After the spa, I packed for my evening trip – Warm Bath & Cool Lights. There were three of us and we took the Thingvellir road up to Laugavatn. The other two haven’t yet done the Golden Circle so we went slowly, telling them and showing them almost everything they would see tomorrow. Here is an Icelandic forest, do you know the joke? Here is the rift. This is how it’s moving, this is when it collapsed one and a half metres in two minutes. All about Laki – I scored points by saying “Laki!” gleefully when the guide said there was a catastrophe in 1783 – I know my Icelandic history! It took forever to get to Laugavatn.

I think they’ve expanded it since I was there. There were the three pools and the steam baths and the lake but now there’s a new pool, a long thin one cut out of the lava between the old pools and the lake. It’s black and full of rocks and a glorious temperature. The old pools are a bit chilly – amazingly warm when you run from the changing rooms in the winter (why don’t they either put the door closer to the water or make some kind of swimming exit?) but a bit chilly after a while. The hot tub is take-your-skin-off hot, I can’t stay in there long and anyway, at night the amazing view of lake and mountains is invisible. But the new pool is wonderful. It’s pleasantly hot and slightly creepy because there are no lights in it and full of lava rocks. I stole one but I must have left it in the changing rooms because it’s just occurred to me that I don’t remember packing it. Getting from pool to pool is a bit of a mission. The three old pools are all joined, you just slither from one bit to the next. The swimming pool shaped one I didn’t go in because that’s even colder. The hot tub is raised and you have to climb out and up the stairs – don’t touch the railings, your hands will stick to it. And the new pool is across, which means walking on wet ground which is now frozen and extremely slippery. I only once tried getting from the new pool to the hot tub.

Next there was a Christmas buffet. I managed to avoid that one by making excuses about “I didn’t know food was provided, I’ve already eaten today”. I could have killed for some apple juice but they only had water. There was a very good looking chocolate cake but the slices were so enormous I’d still have been eating it on the plane on the way home on Thursday, so I stayed away from that too.
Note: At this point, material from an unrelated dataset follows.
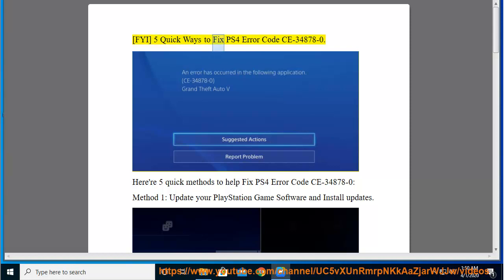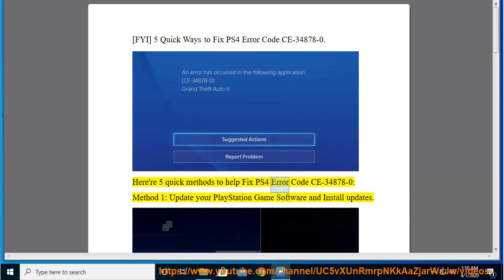FYI: 5 Quick Ways to Fix PS4 Error Code CE-34878-0. Here are 5 quick methods to help fix PS4 Error Code CE-34878-0. Method 1:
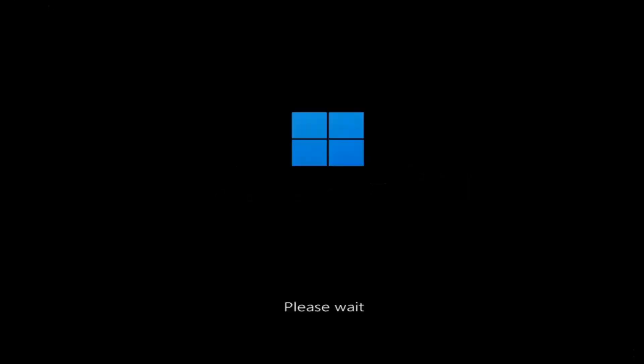So whether you're performing updates, you're getting an IRQL not less or equal message, k-mode exception not handled, kernel data in page error, a lot of errors pertain to this problem and we're going to jump into what should hopefully be a pretty straightforward process.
The third part of the evening was the Northern Lights. We headed towards the mountains, looked north expectantly and saw nothing. We frozen taking long exposure photos of the stars and then just drove around south western Iceland all night. The moon was full and reflecting off the snowy landscape and it wasn’t nearly as dark as you would expect, considering sunset was about 4pm and it was now gone 10pm. We stopped at the farmer’s borehole at Reykholt – a long exposure photo of that looks great. But it was cold, really cold. The car thermometer at one point said -18C, my hair actually froze, my face nearly froze and at last, all I could do was sit in the car and shiver and be glad the Lights hadn’t come out. We stopped to talk to some horses who were curious enough to come and visit but didn’t want to come too close and be stroked much. We stopped to see the church at Skalholt and then came back via Hveragerði. Got home at around 1.30am.